> Task to carry out: Retype the lines of the listing below exactly, but only those from the one containing "Aerial, pov, a" through the last line; pictures stay out.

> Source data:
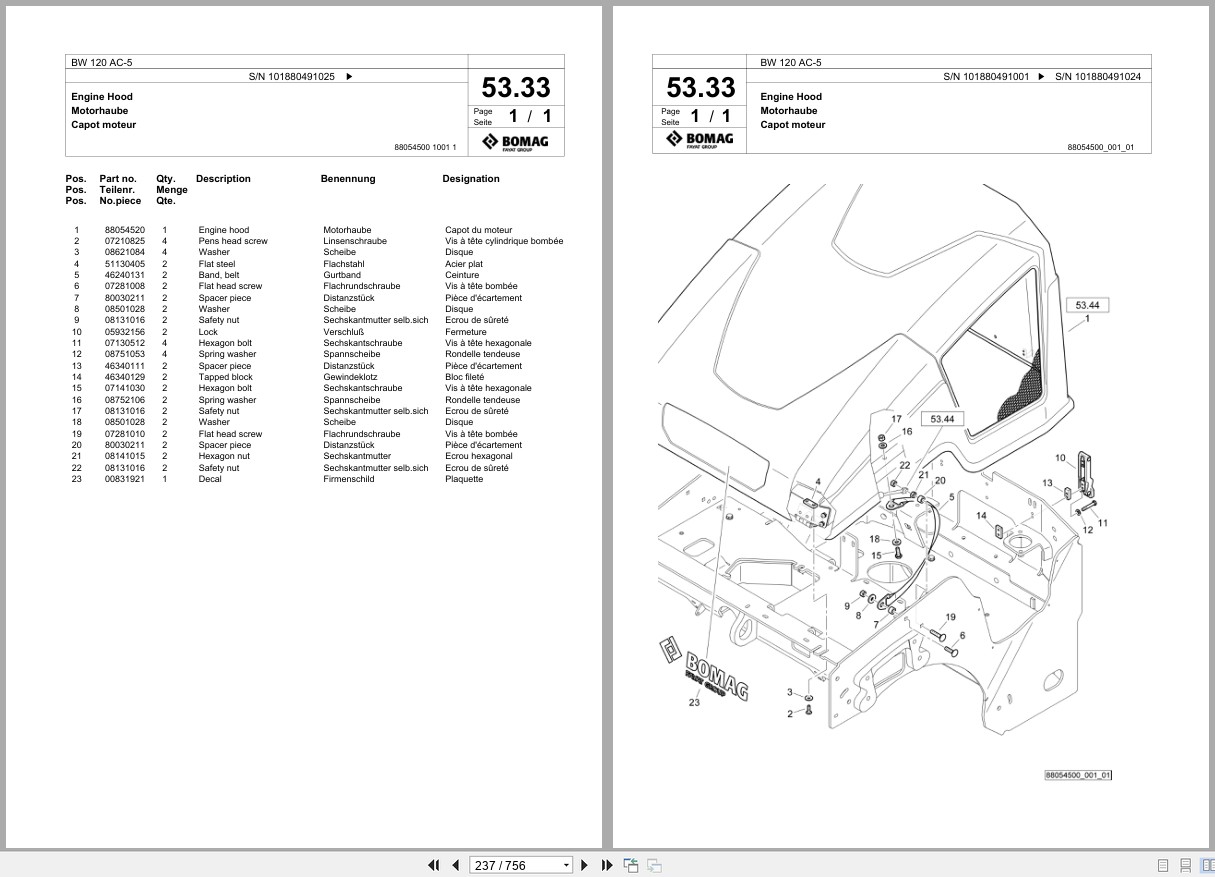 Bomag Combination Roller BW 120 AC 5 Spare Parts Catalog 2018 2020 EN DE FR (3)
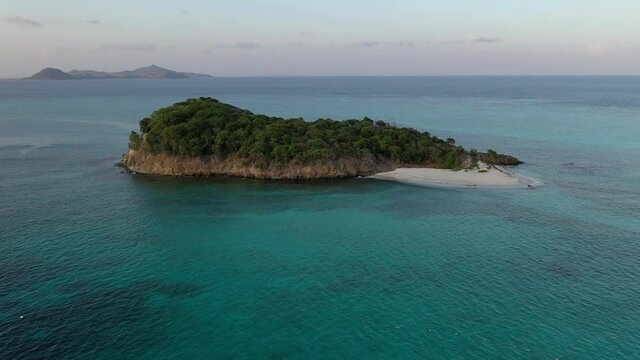 Aerial, pov, a small secluded island, South Grenadine Islands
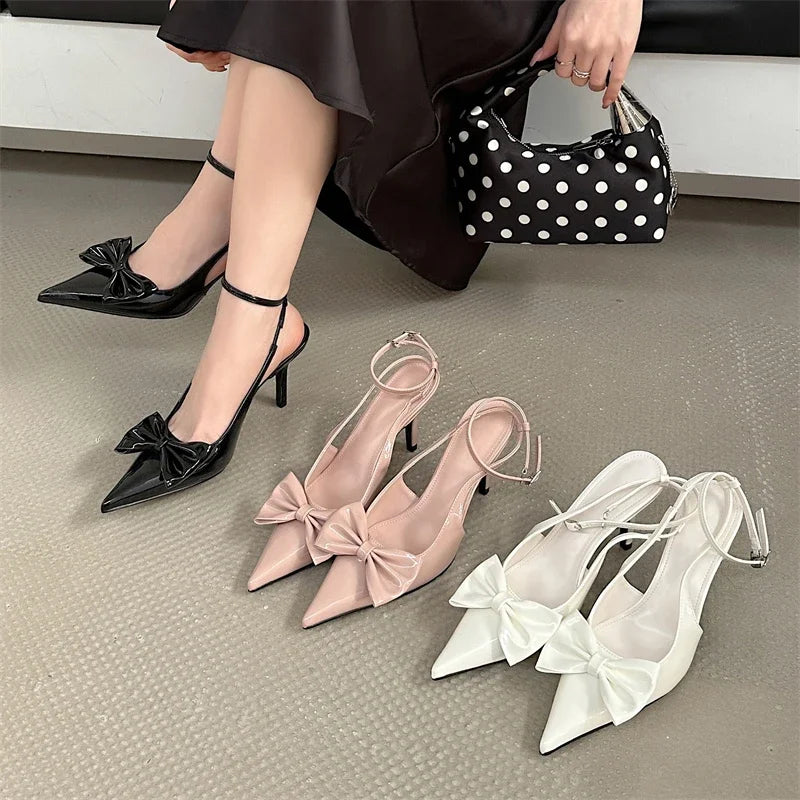 Spring Design Butterflyknot Woman Pumps Sandals Slingbacks Pointed Toe Ankle Buckle Strap Thin Low Heels Mules Shoes
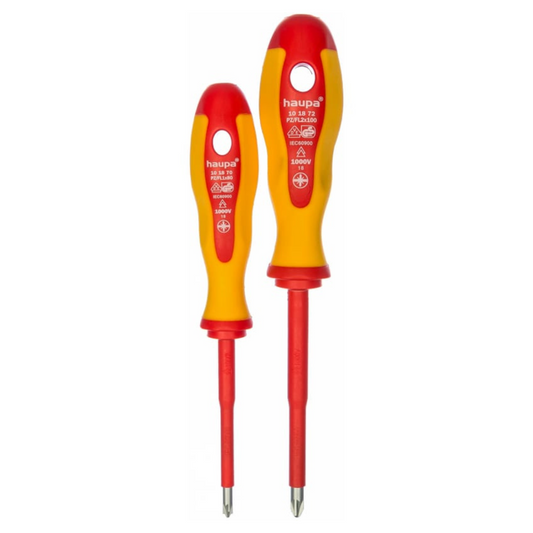 Skrūvgriežu komplekts, VDE, 2K, PZ/FL, krusta plakanie skrūvgriežņi, piemeroti automātslēdžu kontakt skrūvju skrūvēšanai, HAUPA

> Answer box:
 Aerial, pov, a small secluded island, South Grenadine Islands
 Spring Design Butterflyknot Woman Pumps Sandals Slingbacks Pointed Toe Ankle Buckle Strap Thin Low Heels Mules Shoes
 Skrūvgriežu komplekts, VDE, 2K, PZ/FL, krusta plakanie skrūvgriežņi, piemeroti automātslēdžu kontakt skrūvju skrūvēšanai, HAUPA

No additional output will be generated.